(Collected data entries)
□ □ □

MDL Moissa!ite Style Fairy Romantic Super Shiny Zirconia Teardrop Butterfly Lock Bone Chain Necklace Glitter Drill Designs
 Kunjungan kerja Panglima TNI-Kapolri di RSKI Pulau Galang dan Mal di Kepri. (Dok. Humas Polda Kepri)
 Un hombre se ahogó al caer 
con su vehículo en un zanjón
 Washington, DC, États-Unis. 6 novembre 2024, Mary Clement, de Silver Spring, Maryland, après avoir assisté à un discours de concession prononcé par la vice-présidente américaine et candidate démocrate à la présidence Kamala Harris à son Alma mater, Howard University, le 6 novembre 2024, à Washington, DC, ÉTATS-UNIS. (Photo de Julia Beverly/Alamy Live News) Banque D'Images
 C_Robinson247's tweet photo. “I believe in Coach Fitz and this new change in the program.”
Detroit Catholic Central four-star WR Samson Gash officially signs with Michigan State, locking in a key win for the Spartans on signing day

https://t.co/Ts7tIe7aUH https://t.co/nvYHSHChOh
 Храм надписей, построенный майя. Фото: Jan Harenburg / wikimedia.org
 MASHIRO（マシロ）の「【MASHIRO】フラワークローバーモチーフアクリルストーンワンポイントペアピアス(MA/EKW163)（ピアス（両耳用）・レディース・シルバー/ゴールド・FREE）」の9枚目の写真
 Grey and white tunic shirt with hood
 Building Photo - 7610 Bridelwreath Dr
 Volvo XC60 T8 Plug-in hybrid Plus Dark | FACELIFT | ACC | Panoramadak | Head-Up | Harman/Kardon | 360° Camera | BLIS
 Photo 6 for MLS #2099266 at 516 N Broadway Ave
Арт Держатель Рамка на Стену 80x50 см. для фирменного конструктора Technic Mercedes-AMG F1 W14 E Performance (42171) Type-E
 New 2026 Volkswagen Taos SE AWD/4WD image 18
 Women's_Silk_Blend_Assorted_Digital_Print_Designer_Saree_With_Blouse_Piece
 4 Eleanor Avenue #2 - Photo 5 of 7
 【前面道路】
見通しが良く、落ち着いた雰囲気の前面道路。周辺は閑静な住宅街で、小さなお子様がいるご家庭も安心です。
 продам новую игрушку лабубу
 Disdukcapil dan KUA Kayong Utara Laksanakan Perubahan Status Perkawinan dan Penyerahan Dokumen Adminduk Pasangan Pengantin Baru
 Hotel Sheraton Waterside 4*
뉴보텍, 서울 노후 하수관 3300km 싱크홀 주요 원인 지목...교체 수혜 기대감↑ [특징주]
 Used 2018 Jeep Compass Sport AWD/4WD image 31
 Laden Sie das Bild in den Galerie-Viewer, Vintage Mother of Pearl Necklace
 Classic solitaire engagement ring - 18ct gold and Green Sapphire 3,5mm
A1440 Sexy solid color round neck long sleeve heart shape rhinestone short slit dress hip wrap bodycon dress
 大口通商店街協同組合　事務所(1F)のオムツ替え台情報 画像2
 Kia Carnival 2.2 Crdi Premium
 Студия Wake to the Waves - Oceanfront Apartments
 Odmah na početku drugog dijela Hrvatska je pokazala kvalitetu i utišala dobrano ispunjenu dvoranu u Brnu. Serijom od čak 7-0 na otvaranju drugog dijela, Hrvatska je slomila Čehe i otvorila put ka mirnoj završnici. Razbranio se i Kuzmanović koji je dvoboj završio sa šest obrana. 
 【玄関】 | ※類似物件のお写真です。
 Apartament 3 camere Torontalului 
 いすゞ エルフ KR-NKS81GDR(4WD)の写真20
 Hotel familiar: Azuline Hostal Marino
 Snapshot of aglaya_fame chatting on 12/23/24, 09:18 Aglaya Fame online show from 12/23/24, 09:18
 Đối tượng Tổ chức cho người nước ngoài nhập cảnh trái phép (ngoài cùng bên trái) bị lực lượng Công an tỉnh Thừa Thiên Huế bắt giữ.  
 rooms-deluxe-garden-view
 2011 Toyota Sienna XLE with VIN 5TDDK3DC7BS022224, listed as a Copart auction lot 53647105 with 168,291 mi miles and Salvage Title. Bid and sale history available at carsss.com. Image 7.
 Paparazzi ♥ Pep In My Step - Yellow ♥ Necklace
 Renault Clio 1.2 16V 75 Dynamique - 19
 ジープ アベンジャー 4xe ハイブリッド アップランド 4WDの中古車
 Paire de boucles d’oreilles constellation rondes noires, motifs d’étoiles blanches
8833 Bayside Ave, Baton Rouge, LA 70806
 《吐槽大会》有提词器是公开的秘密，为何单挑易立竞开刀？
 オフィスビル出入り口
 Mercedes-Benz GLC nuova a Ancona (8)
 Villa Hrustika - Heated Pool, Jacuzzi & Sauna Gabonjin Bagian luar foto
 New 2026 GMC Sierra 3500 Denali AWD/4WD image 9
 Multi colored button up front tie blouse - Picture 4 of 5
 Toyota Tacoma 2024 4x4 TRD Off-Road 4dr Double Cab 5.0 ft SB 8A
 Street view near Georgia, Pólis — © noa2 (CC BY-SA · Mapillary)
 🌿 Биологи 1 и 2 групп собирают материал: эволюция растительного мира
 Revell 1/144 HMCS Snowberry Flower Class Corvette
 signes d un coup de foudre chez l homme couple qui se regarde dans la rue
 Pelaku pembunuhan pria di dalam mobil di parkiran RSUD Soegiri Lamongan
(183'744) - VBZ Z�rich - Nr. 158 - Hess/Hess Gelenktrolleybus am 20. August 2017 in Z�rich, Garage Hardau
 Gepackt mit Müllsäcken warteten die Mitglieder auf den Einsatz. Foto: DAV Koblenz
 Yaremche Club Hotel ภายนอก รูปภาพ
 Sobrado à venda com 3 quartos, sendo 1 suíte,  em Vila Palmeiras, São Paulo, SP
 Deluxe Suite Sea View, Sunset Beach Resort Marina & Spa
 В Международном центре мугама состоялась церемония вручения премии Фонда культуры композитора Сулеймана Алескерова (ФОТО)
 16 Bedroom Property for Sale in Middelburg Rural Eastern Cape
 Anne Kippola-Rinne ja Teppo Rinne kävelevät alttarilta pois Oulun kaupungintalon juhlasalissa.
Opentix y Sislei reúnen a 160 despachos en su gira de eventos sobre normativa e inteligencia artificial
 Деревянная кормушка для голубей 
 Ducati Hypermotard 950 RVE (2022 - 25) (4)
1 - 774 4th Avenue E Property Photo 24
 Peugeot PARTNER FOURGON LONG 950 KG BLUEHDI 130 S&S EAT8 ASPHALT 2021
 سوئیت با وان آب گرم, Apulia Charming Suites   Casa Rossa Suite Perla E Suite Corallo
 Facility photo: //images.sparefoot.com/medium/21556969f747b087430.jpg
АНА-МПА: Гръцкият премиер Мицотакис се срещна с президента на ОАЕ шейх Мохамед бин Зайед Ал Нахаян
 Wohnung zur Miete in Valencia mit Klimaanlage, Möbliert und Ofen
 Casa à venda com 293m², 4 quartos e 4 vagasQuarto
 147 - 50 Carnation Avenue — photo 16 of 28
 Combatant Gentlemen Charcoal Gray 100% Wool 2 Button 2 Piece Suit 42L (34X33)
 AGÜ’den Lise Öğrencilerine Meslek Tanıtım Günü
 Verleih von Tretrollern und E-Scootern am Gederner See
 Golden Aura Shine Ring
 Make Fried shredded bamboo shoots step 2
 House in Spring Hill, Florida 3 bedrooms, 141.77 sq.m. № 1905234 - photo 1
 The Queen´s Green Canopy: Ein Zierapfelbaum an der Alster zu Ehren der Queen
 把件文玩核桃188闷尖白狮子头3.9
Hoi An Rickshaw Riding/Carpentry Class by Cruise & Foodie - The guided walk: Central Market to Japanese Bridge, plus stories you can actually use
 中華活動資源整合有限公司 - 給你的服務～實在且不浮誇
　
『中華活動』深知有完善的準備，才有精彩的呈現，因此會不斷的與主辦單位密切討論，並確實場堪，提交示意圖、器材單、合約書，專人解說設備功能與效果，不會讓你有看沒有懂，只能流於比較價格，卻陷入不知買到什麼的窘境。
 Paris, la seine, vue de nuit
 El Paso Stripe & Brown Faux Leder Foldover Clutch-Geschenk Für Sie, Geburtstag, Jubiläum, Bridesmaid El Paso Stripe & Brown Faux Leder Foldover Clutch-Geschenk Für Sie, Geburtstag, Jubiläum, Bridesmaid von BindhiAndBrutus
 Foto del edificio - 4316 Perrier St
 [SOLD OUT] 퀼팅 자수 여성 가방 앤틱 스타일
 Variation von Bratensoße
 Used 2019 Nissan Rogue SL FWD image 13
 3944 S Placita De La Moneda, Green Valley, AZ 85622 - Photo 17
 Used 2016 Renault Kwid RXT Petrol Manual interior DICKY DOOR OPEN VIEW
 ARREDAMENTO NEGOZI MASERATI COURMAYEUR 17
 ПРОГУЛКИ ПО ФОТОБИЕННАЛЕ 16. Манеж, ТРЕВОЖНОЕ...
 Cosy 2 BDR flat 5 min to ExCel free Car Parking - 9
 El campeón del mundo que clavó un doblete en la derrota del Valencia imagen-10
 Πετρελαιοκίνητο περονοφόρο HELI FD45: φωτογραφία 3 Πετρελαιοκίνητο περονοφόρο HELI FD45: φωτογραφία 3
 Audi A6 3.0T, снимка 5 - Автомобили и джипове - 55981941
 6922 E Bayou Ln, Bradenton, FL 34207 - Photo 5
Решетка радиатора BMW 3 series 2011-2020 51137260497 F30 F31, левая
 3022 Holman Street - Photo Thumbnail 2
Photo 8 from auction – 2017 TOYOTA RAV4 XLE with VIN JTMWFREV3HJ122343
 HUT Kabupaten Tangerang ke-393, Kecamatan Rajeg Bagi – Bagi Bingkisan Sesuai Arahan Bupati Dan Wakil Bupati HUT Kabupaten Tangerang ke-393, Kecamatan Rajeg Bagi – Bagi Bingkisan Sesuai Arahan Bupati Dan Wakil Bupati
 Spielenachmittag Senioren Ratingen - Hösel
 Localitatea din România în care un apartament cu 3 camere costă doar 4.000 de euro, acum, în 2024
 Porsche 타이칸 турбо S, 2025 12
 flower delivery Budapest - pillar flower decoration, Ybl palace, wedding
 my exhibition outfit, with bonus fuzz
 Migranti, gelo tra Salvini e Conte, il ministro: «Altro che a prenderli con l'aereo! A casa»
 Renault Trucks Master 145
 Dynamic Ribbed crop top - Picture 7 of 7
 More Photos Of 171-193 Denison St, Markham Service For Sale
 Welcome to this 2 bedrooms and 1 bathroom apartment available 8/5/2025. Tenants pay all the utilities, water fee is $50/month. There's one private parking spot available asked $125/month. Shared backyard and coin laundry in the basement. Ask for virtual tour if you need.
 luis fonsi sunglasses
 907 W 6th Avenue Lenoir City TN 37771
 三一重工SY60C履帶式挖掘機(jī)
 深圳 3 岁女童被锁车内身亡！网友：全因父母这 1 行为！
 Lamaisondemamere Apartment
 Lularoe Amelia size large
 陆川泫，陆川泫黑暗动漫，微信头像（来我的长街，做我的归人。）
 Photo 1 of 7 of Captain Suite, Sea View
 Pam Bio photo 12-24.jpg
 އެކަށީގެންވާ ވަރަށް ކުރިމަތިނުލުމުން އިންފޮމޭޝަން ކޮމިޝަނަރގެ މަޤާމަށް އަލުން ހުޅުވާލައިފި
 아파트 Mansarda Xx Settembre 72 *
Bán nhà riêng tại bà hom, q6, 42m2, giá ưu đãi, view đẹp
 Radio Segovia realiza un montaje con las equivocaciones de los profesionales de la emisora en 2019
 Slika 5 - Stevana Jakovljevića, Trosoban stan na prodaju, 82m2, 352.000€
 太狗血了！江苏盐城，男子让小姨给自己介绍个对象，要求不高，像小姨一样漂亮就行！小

□ □ □

▶ YOUR GOAL:
Find the lines above that contain the word "Valencia" and collect them.

▶ OUTPUT FOR THIS EXERCISE:
 Wohnung zur Miete in Valencia mit Klimaanlage, Möbliert und Ofen
 El campeón del mundo que clavó un doblete en la derrota del Valencia imagen-10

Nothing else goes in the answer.